§ **What you have to do**
The entries must be repeated verbatim, and their images left out.

§ **Data for processing**
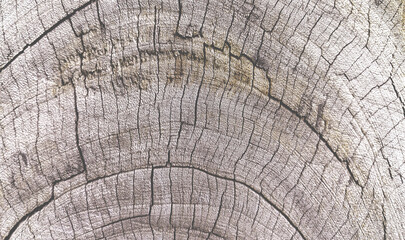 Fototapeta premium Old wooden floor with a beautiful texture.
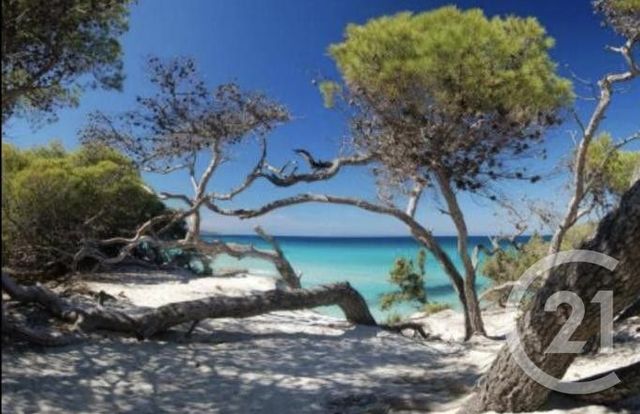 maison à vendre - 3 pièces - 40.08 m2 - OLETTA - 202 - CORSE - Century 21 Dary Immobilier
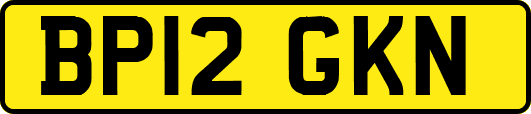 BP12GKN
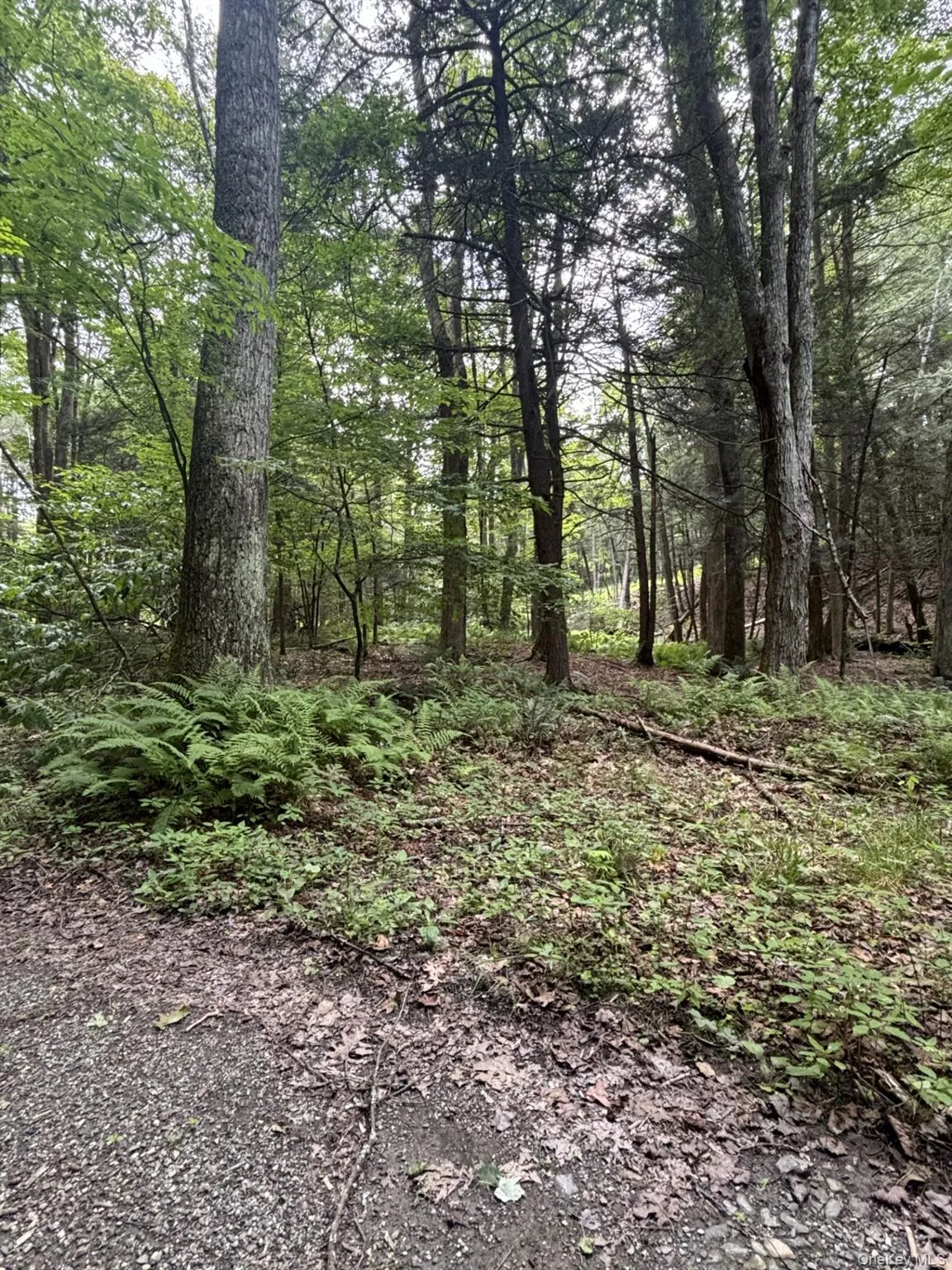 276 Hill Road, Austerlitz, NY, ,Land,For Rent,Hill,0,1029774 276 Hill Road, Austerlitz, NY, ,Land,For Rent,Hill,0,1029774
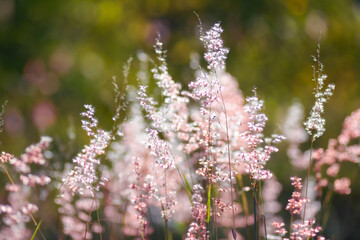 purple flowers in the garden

§ **Answer box**
 Fototapeta premium Old wooden floor with a beautiful texture.
 maison à vendre - 3 pièces - 40.08 m2 - OLETTA - 202 - CORSE - Century 21 Dary Immobilier
 BP12GKN
 276 Hill Road, Austerlitz, NY, ,Land,For Rent,Hill,0,1029774 276 Hill Road, Austerlitz, NY, ,Land,For Rent,Hill,0,1029774
 purple flowers in the garden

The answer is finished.